L’on se trouve dès lors dans une situation d’indu en sécurité sociale et se pose la question de savoir si l’on peut opposer, en présence d’une demande de récupération d’indu, un principe général dit de « bonne administration ». Pour la Cour, ce principe ne peut être invoqué lorsque son application aboutit à une violation de dispositions légales. Elle rappelle diverses décisions de la Cour de cassation, la dernière étant l’arrêt du 29 novembre 2004 (J.T.T., 2005, p. 104).

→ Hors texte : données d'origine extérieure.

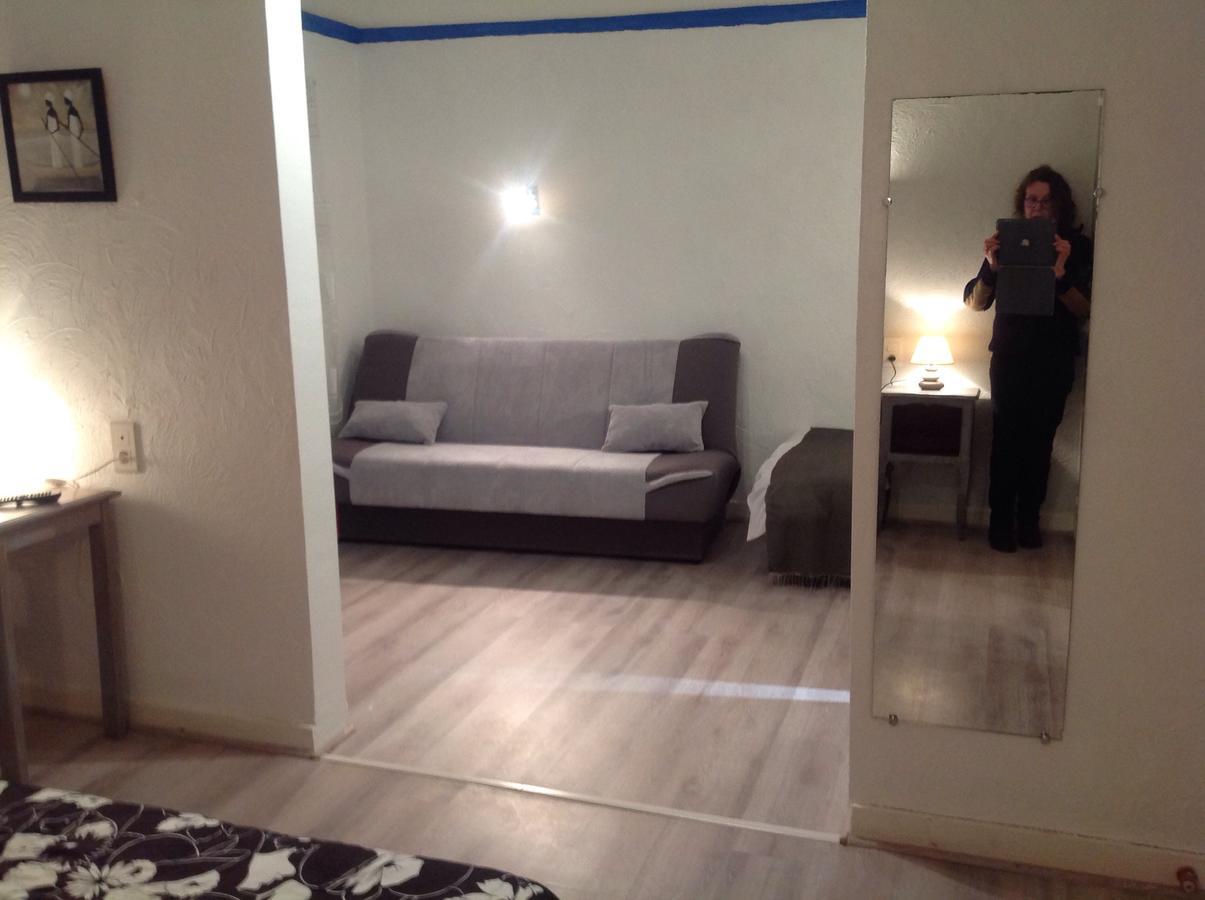 Attrap'Reves Hotel Aspres-sur-Buëch Екстериор снимка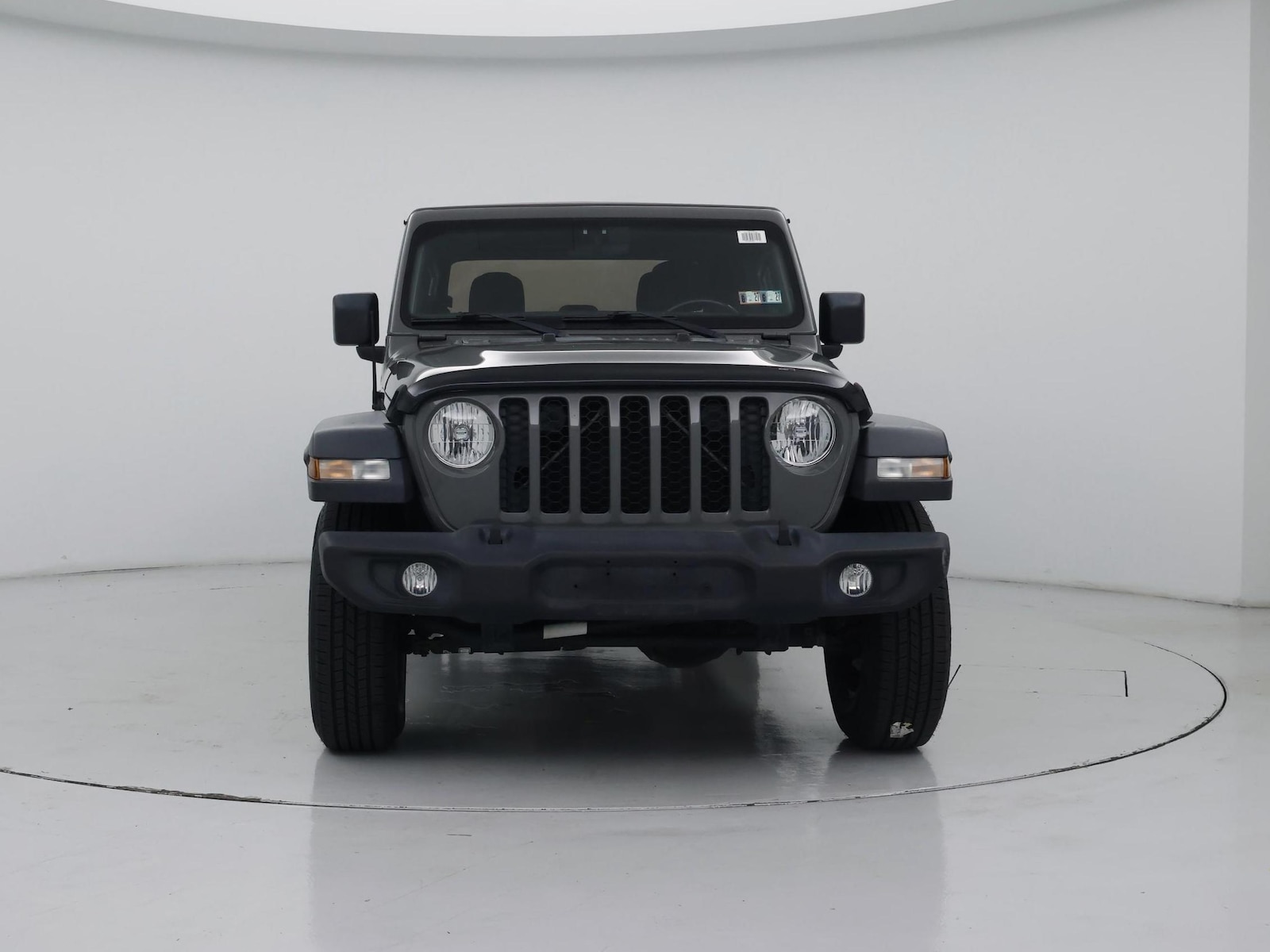 2020 Jeep Gladiator Sport S - Photo 6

Pour qu’il y ait exclusion ou limitation de la récupération, il faut un texte légal, fût-ce, ainsi qu’elle le souligne, un texte interdisant à un acte administratif d’opérer rétroactivement dès lors qu’il est susceptible d’emporter une suppression de droits pour le passé, et par voie de conséquence, une récupération. Mais ce, à la condition que l’indu découle d’une erreur de l’administration. Pour parfaire ce raisonnement, la Cour souligne également le fait que l’erreur doit être examinée au regard de modalités légales précises.
Et c’est à ce stade de son raisonnement que la Cour se penche sur la Charte de l’assuré social, dont l’article 17 vise la question de la décision entachée d’une erreur de droit ou matérielle et dispose que (sans préjudice de l’article 18) la nouvelle décision ne produira ses effets que le premier jour du mois qui suit la notification si le droit à la prestation est inférieur à celui qui avait été reconnu initialement.
Il est également relevé que la loi du 26 mai 2002 contient une décision très similaire, étant un article 22, dont le texte vise spécifiquement l’hypothèse de l’erreur de droit ou matérielle. Celui-ci précise dans son 2e paragraphe que la décision de revision produit ses effets à la date à laquelle le motif qui a donné lieu à la revision est apparu mais que, en dérogation à cette règle, dans l’hypothèse de l’erreur, l’effet de la revision prendra cours le premier jour du mois suivant sa notification. L’article 22 prévoit deux conditions cumulatives étant, d’une part, que le droit à la prestation est inférieur au droit octroyé initialement et que, de l’autre, la personne ne pouvait se rendre compte de l’erreur.
Appliquant ces principes aux données de l’espèce, la Cour relève que la carence du CPAS dans le traitement du dossier doit être qualifiée d’erreur ayant entraîné et ayant fait perdurer la perception indue du revenu d’intégration au taux qui avait été fixé. Elle reprend les divers éléments de fait (correspondance, annotations dans le dossier) pour conclure qu’il a fallu un an au CPAS pour prendre la décision querellée et que la revision n’a été concrétisée que quatre mois plus tard.
La conclusion est que les conditions légales sont réunies : erreur juridique ou matérielle dans le chef du CPAS, respect par la personne concernée de ses obligations (déclaration immédiate de tout élément nouveau), absence d’examen régulier par le CPAS du dossier, impossibilité pour l’intéressée de se rendre compte de l’erreur, puisque des professionnels travaillant pour le compte d’un CPAS et d’une Caisse de paiement d’allocations de chômage (CAPAC) n’ont pas été capables d’identifier cette erreur pendant une période de dix-sept mois.
L’appel est alors fondé.
Intérêt de la décision
Cet arrêt de la Cour du travail de Mons est exemplaire, sur l’articulation des dispositions de la Charte et de la loi du 26 mai 2002. Il stigmatise, en outre, les carences d’institutions de sécurité sociale, carences qui ne peuvent aboutir à l’obligation de récupération auprès de l’assuré social, qui ne pouvait se rendre compte du caractère indu de la prestation octroyée.